Se o leitor tem em casa o tema Assim falou Zaratustra, de Richard Strauss (popularizado pelo filme 2001: Uma odisséia no espaço, de Stanley Kubrick), solte o playback antes de ler esta matéria. Sim, por que vamos falar de evolução, a de quatro jovens cineastas, todos na casa dos 20 anos de idade, que compõem a produtora pernambucana Símio Filmes.

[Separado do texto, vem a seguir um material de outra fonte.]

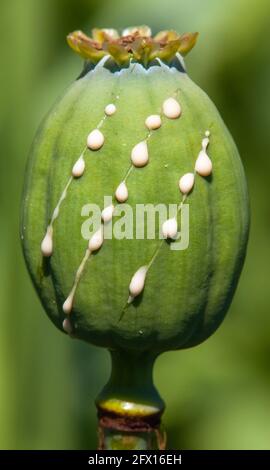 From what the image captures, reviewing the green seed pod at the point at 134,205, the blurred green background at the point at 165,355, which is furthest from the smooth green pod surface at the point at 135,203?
the blurred green background at the point at 165,355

Formada por ex-alunos do Centro de Artes e Comunicação (CAC) da Universidade Federal de Pernambuco (UFPE) – Daniel Bandeira, Gabriel Mascaro, Juliano Dornelles e Marcelo Pedroso –, a firma teve sua origem realizando pequenos curtas-metragens em vídeo, em 2001. Três anos depois, houve o primeiro divisor de águas da história do projeto: a aprovação dos filmes Amigos de risco (ADR para os íntimos), longa-metragem de ficção de Daniel (em parceria com a Cinemascópio), e KFZ-1348 (realizado para Rec Produtores com a Símio como produtora associada), documentário de média-metragem de Gabriel e Marcelo, base de mais um longa em 35 mm. No mês passado, as duas obras foram responsáveis por mais um pequeno passo de seus realizadores, que é ao mesmo tempo um grande passo para a consolidação da produtora: a exibição na concorrida Mostra de Cinema Internacional em São Paulo, que consagrou KFZ com o Prêmio Especial de Júri, em sua categoria, arrancando elogios até do mestre do cinema alemão Wim Wenders.